One skilled in the art will understand that a process can be for example, threads-of-execution, a task, a program being executed by a computing element etc.
A number of computer operating systems use copy-on-write technology when spawning a copy of an executing process (for example, in many UNIX variants, the fork( ) system service uses copy-on-write technology to spawn a child process of the parent where the child process-context and the parent process-context share substantial portions of the same physical memory. Thus, a parent process and many child processes can share large amounts of physical memory. Because of the potential savings in physical memory usage, copy-on-write technology is often used with memory-constrained computing devices.
However, there are disadvantages to copy-on-write technology. In particular, if a write operation is attempted by one of the executing processes, physical memory must be allocated for at least the process attempting the write operation. Some copy-on-write embodiments copy the physical memory page to which the write operation is directed. Some copy-on-write embodiments allocate a separate physical memory page for each process-context that shared the copy-on-write page.
In a memory-constrained computing device, the consumption of physical memory resulting from a write attempt to a copy-on-write physical memory page (or a denial of service attack directed to physical memory) can starve a memory-constrained computing device of the memory needed to continue functioning. In this circumstance the device will fail due to the inability to allocate needed memory and the device generally will need to be restarted to recover.
Some embodiments copy-on-write for memory-constrained computing devices can use well-known compression techniques to create a compressed copy of a physical memory page.
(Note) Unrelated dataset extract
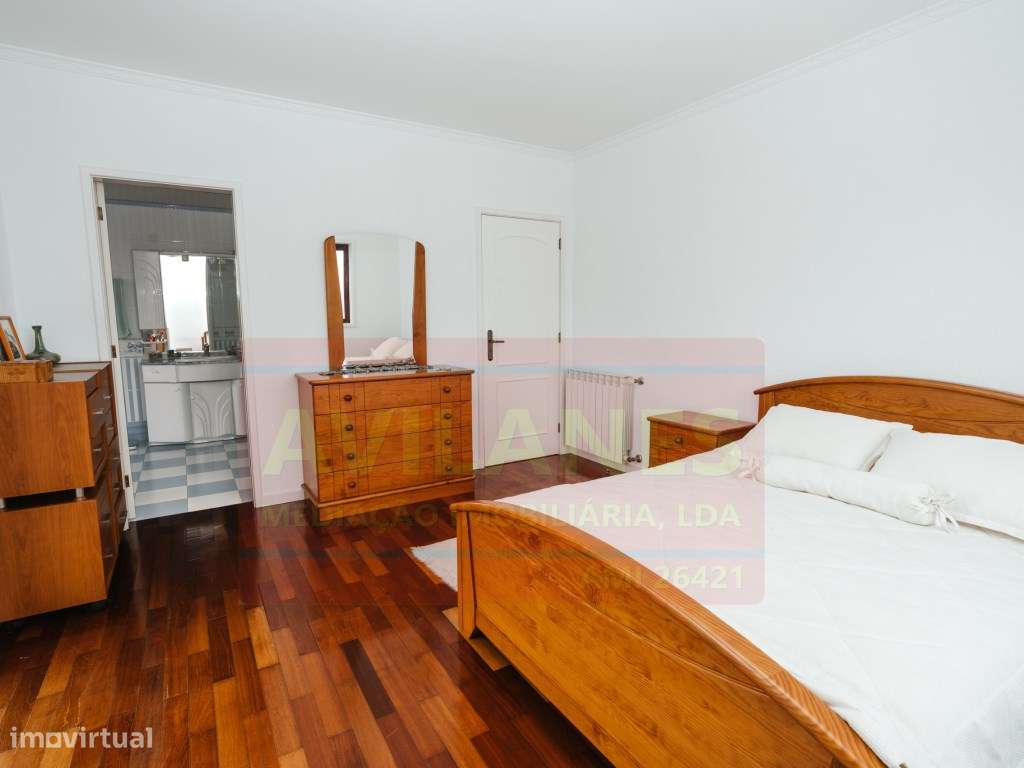 APARTAMENTO T3 RECUADO - LOBÃO-25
The physical memory page can then be allocated to another process. However, subsequent memory access to the compressed page requires the system to allocate a memory page within which to decompress the compressed page prior to satisfying the memory access operation. This approach can significantly impact the performance of the device.
For many copy-on-write uses, the content of a shared physical memory page is only minimally modified. Nevertheless, when an attempt is made to modify the shared physical memory page another entire physical memory page is allocated and copied responsive to the copy-on-write operation. Thus, even minor modifications to the content of a shared physical memory page can lead to memory starvation.
It would be advantageous to have some method to enable a memory-constrained computing device to more gracefully recover from low memory situations when multiple physical memory pages have substantially similar content or identical content.